Held the position of Technical Chairman of the first National Secondary Schools’ Silat Championship Kuala Lumpur. Held courses for state and national-level Silat Seni judges. He also held silat classes in primary and secondary schools in Malaysian states and engaged himself in school silat programs. Those who were exponents since at school and were trained until they became national athletes have produced gold medals as well as national and international level trainers. He developed Silat at school-level by creating a curriculum for the clear and concise execution of silat education at school level.

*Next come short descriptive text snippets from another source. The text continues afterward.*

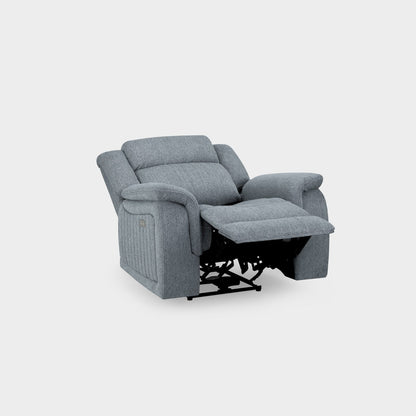 Linden Recliner Sofa Grey Armchair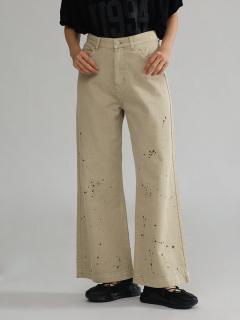 ベージュ　167cm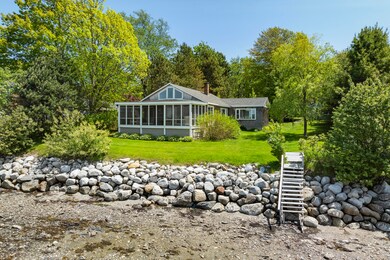 Stable shore line!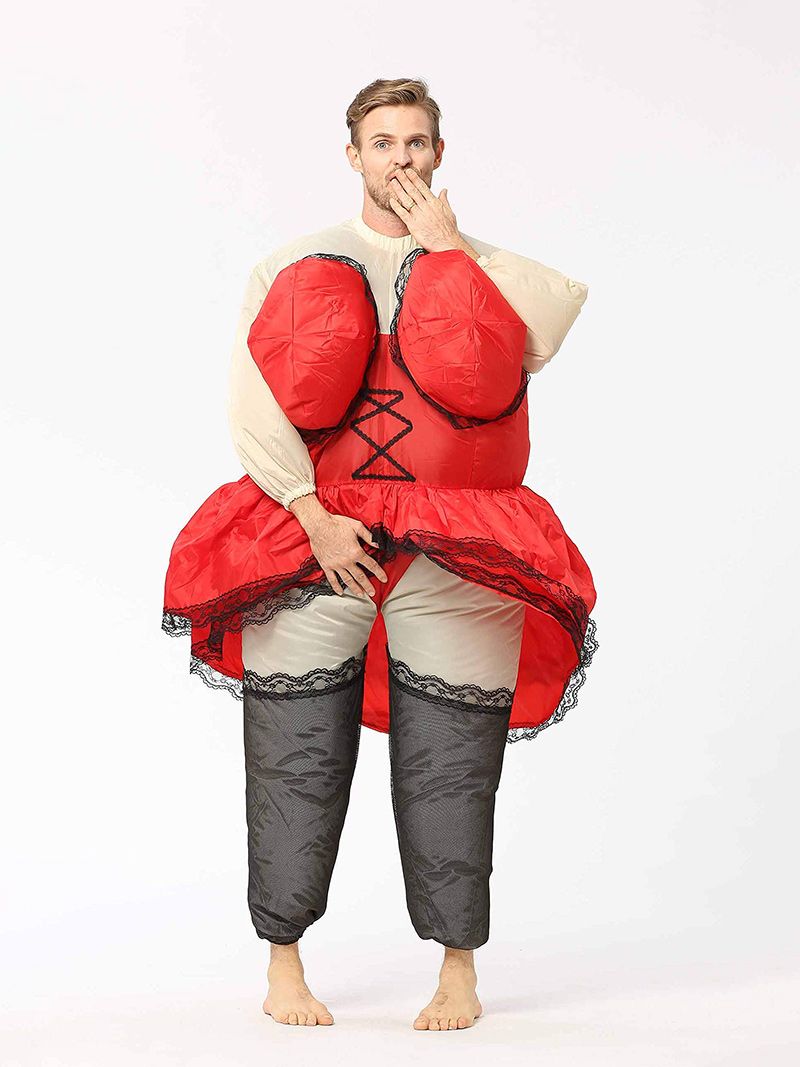 Надувные Костюмы На Взрослых Смешные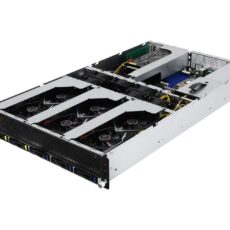 Platforma ASRock Rack (2U) AMD Epyc 7000 (5xSFF, 2xGbE, Red. PSU, IPMI)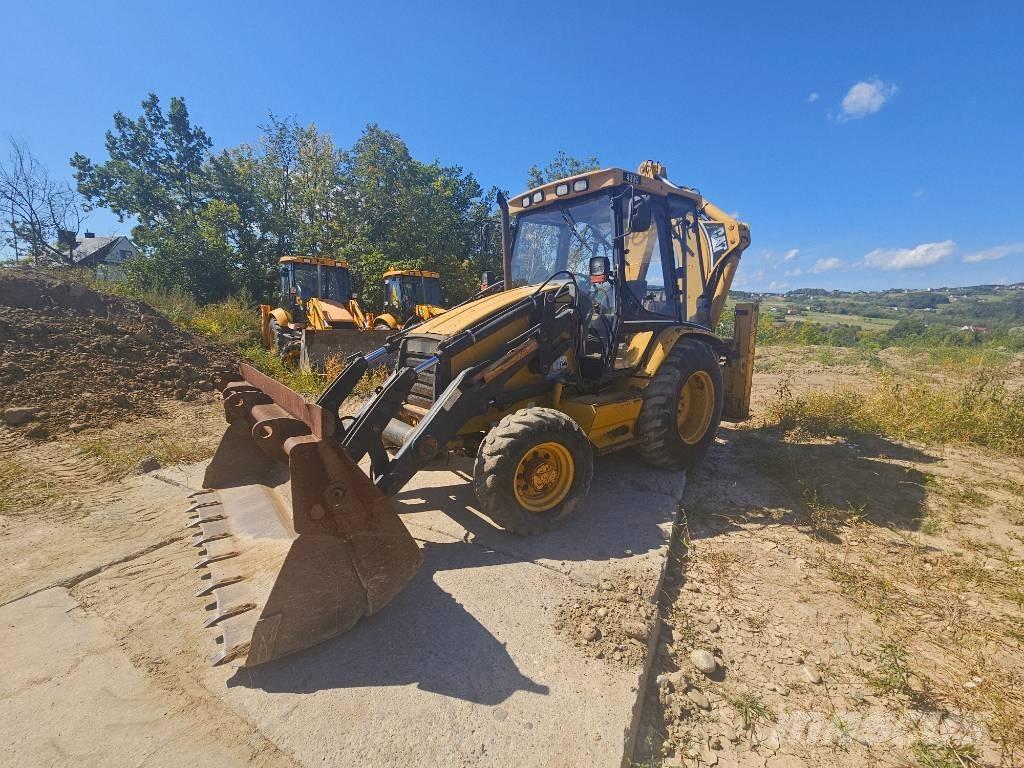 CAT 428 C Rovokopači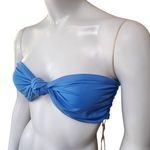 Stone Fox Swim NWT  Tranquil Lele Bikini Top (L) Photo 2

==Developing Silat at an International Level==

He held the position of secretary to the sponsorship of the formation of Persekutuan Silat Antarabangsa (PERSILAT) 1979 in Jakarta, Indonesia. He has also provided training to silat coaches from several nations such as Austria, Switzerland, and France to expand silat in their home countries. Also by aiding and holding seminars and workshops at international level such as in countries like France, Switzerland, Austria, Germany and North Korea. He also choreographed the form of "Jurus Wajib" for the Persekutuan Silat Antarabangsa (PERSILAT) in 1996. Tn. Hj. Anuar bin Haji Abdul Wahab trained the national teams of Thailand and Vietnam and developing the PERSILAT Council of Silat Seni, Beladiri and Silat Olahraga Judges.

==Honour==
===Honour of Malaysia===
- Malaysia : Member of the Order of the Defender of the Realm (A.M.N.) (1993)

==Literary works==

- Silat Olahraga, “Kuala Lumpur, Dewan Bahasa dan Pustaka 1987”
- Teknik dalam Seni Silat Melayu, “Kuala Lumpur, Dewan Bahasa dan Pustaka”
- Silat Curriculum, Teaching Plans and Silat Evaluation Exams for the Ministry of Culture, Arts and Heritage Malaysia and the Ministry of Education Malaysia with the co-operation of Persekutuan Silat Malaysia (PESAKA).
- "SILAT" which contains elaborations on the Silat Teaching Plan based on the Seni Silat Malaysia Curriculum for the reference of silat coaches and exponents.